Are You a One or a Zero?


Mr. Robot Character Analysis

Ioana Manea

The go-to Hollywood recipe in creating a compelling character is simply forging one that people will like and identify with. In order to achieve this, traits that are positively viewed within our own society are preferred over individual identity. However, the problem with repeatedly using one idea that might have once been good is that a day will come when that idea will feel empty.

The cinematographic creations that have been acclaimed over the last few years for their treatment of characters are those that depict complex and contradictory people. That is, characters that are not meant to live in our screens alone but that can exist beyond the narrative of the movie or series. Think back to this passed Emmy Awards: Rami Malek in Mr. Robot and Tatiana Maslany in Orphan Black, Jon Hamm in Mad Men and Viola Davis in How to Get Away with Murder (2015), Byan Cranston in Breaking Bad and Julianna Margulies in The Good Wife (2014), for a start.

These characters are not representing someone: they are not meant to remind us of a close friend, a distant relative, an ex we would rather forget or the hero we should all admire and strive to resemble. These characters stand alone and apart.They cannot be summarized by their job, their role in their family, their financial situation or their current life situation. If we were asked to describe them, more than one sentence would be needed.

In fact, interesting characters contradict themselves. They are not linear. They don’t follow a checklist of traits. They aren’t even coherent all the time. In fact, their defining characteristic is that they come as close to a real person as a weekly show or movie can allow.

What all of the characters played by the actors listed above have in common – besides making us hope to never cross paths with them in real life – is that their actions, however intense they may be, are motivated by reasons with which we can empathize. Therefore, we see the character grow in front of us and understand how they became the way they are.
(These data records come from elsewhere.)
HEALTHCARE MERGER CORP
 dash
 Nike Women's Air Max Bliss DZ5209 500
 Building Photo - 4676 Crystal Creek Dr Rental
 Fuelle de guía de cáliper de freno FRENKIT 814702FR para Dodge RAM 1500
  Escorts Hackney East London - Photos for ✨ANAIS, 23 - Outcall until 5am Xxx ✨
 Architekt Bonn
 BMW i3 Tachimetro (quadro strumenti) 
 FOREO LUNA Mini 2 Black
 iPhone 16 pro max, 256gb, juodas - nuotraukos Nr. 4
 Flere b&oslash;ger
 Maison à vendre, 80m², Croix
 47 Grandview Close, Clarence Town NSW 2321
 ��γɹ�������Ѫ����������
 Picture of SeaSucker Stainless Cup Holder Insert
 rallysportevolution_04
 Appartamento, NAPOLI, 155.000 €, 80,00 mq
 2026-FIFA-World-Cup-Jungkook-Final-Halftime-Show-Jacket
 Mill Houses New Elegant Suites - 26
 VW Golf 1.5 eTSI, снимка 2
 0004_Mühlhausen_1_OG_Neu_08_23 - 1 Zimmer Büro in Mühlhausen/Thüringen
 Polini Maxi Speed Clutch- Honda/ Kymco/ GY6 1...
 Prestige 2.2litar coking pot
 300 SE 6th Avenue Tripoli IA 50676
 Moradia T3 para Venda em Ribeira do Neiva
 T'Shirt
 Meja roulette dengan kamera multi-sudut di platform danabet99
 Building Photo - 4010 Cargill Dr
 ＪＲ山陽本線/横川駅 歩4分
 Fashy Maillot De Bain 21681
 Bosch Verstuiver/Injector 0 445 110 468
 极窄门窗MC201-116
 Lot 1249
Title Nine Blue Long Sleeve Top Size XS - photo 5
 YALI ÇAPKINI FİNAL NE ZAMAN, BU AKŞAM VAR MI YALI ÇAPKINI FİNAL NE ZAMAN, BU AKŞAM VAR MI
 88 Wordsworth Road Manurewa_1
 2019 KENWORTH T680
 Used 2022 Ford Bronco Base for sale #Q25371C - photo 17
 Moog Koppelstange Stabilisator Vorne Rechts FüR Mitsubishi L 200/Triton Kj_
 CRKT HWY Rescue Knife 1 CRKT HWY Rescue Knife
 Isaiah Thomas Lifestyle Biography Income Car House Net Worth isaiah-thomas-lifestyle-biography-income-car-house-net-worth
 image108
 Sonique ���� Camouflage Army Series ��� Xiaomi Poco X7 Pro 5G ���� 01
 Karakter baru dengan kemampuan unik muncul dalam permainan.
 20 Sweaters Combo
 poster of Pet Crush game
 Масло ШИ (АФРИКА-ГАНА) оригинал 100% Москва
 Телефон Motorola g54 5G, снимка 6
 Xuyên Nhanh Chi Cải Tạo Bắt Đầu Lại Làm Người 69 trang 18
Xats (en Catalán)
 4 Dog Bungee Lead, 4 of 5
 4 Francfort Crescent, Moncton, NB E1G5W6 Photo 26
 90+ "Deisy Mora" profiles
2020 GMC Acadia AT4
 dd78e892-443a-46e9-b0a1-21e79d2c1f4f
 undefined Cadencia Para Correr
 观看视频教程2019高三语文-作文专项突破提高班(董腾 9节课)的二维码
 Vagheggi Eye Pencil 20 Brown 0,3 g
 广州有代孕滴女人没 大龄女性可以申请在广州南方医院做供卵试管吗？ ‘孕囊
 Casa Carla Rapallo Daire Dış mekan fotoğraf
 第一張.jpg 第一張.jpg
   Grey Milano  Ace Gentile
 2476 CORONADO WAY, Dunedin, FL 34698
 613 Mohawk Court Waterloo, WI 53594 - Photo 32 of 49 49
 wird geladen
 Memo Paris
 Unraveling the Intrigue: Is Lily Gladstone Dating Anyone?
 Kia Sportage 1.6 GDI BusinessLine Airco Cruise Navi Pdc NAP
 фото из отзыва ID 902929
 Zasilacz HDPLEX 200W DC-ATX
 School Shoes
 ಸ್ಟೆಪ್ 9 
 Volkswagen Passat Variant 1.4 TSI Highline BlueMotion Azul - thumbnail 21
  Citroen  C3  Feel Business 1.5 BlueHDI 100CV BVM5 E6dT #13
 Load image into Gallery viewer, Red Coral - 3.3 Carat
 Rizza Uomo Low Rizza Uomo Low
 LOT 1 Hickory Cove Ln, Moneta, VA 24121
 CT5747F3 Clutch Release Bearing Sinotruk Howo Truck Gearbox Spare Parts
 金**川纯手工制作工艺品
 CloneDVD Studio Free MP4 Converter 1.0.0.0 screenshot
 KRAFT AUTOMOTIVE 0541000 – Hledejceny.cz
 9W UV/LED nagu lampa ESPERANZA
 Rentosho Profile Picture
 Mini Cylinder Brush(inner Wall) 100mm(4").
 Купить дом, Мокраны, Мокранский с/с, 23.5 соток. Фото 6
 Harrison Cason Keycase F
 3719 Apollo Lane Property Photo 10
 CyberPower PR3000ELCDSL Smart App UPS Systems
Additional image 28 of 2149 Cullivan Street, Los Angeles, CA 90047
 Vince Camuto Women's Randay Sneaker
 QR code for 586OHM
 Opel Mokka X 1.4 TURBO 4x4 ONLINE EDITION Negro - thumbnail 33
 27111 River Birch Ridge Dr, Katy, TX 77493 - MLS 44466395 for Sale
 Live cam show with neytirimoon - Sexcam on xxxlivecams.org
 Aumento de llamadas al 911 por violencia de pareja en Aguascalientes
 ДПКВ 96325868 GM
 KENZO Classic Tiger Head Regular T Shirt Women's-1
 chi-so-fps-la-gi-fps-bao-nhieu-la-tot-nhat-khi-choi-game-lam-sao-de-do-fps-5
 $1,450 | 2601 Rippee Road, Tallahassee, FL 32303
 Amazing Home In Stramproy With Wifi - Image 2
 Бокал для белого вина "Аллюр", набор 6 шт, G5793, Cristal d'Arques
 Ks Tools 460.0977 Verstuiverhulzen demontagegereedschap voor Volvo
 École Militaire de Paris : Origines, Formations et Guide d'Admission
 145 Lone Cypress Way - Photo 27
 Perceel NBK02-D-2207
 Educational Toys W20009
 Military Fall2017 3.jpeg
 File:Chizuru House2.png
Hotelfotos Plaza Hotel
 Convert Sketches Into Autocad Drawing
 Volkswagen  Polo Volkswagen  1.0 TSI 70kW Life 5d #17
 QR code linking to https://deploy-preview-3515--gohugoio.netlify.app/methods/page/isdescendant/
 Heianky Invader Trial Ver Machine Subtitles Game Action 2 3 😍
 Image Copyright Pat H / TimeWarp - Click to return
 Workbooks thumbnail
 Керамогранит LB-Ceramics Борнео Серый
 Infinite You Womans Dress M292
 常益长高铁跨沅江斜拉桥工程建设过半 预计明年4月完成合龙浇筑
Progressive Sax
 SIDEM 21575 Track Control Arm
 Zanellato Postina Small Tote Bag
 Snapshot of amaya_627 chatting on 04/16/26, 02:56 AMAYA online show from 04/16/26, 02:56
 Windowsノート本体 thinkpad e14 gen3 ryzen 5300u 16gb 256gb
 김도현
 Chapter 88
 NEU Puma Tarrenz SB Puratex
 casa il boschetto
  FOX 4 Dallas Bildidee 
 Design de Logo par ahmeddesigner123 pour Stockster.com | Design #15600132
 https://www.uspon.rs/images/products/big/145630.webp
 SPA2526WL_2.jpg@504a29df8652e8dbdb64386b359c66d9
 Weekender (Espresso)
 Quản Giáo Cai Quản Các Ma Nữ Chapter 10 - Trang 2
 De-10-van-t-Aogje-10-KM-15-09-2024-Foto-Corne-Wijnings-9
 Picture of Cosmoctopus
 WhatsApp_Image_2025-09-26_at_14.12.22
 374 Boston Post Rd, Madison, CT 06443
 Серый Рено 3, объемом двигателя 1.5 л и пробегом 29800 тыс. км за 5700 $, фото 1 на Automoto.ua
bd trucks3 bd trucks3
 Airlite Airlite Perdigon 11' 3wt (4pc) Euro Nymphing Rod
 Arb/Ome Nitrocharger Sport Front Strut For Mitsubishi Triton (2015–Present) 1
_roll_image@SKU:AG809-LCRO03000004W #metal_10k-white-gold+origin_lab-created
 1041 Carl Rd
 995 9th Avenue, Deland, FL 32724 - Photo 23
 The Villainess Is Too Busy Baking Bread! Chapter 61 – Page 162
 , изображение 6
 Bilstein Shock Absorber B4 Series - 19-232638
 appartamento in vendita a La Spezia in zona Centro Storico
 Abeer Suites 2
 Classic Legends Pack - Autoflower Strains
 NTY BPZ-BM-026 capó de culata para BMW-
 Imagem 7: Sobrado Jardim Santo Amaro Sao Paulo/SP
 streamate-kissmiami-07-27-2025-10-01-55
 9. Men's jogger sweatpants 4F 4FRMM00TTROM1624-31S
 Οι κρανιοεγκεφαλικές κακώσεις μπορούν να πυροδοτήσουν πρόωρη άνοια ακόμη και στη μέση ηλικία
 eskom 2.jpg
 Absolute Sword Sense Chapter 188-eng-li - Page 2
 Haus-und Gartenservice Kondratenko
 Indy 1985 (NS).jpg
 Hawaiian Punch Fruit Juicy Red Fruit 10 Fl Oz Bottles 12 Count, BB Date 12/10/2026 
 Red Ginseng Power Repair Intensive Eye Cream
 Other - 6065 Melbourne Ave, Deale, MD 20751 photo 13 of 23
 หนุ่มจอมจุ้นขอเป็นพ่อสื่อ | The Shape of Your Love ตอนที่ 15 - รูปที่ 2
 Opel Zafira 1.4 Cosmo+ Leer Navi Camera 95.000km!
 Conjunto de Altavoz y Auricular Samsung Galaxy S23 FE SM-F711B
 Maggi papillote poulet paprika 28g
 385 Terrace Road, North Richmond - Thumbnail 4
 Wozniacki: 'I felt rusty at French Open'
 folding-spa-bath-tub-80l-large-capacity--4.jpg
A rare gem I’ve recently come across is Elliot Alderson, the protagonist of Mr. Robot. He is not necessarily someone you want to be friends with. He is, in fact, rather peculiar, awkward and has no notion whatsoever of virtual privacy. That is, being part of his life will likely result in him hacking your computer – for your own good, of course.

Nevertheless, I have found myself able to relate to him in more ways than I would with characters that actually resemble me or that are friendly. Those other characters always seem to be missing something, that same final touch that transformed Pinocchio into a real boy.

Elliot is not a pleasant character. He isn’t funny or inspiring. Very few of us would actually aspire to be like him. However, he is utterly fascinating. He is out of the ordinary, a fish out of water. His logic sometimes eludes us but always captivates us.

The protagonist of Mr. Robot also acts as a vigilante in a series that is anti-capitalist to its core. As such, not only is the character bigger than his role, the purpose of the series also goes beyond hacking. It is a progressive social analysis of our society’s current relationship with money. In that way and many others, Mr. Robot triggers a thought process in its viewers.


Furthermore, Mr. Robot deals with mental health issues through its main character, Elliot, who suffers from social anxiety. This is portrayed by his difficulty to empathize, interact and bond with others. He often experiences paranoia and sees things that have an ambiguous reality. As such, there is a voluntary uncertainty that may puzzle most of us. It’s okay not to understand everything. Ambiguity and zones of incertitude allow viewers to ask questions and explore the series from their own perspective, which is far more valuable in experiencing a story than understanding everything immediately.

The rhythm of the series is quite slow, allowing the characters to grow in space, time and flesh. The gradual characterization of the protagonist is made through showing rather than telling. In Mr. Robot, the main actor’s principal tool is his eyes. The two orbs are captivating as they are always shifting from side to side, unnaturally protruding. Another detail that goes quite unnoticeable but does impact the viewer is the fact that he blinks less than the average person, which creates an odd effect. That same technique has also been used in Silence of the Lambs by Anthony Hopkins.

More than anything, the series is vibrant with cynicism. This is not a series to binge watch. It is the dark chocolate in Willy Wonka’s chocolate factory. It is meant to be savored. It is a one among zeroes.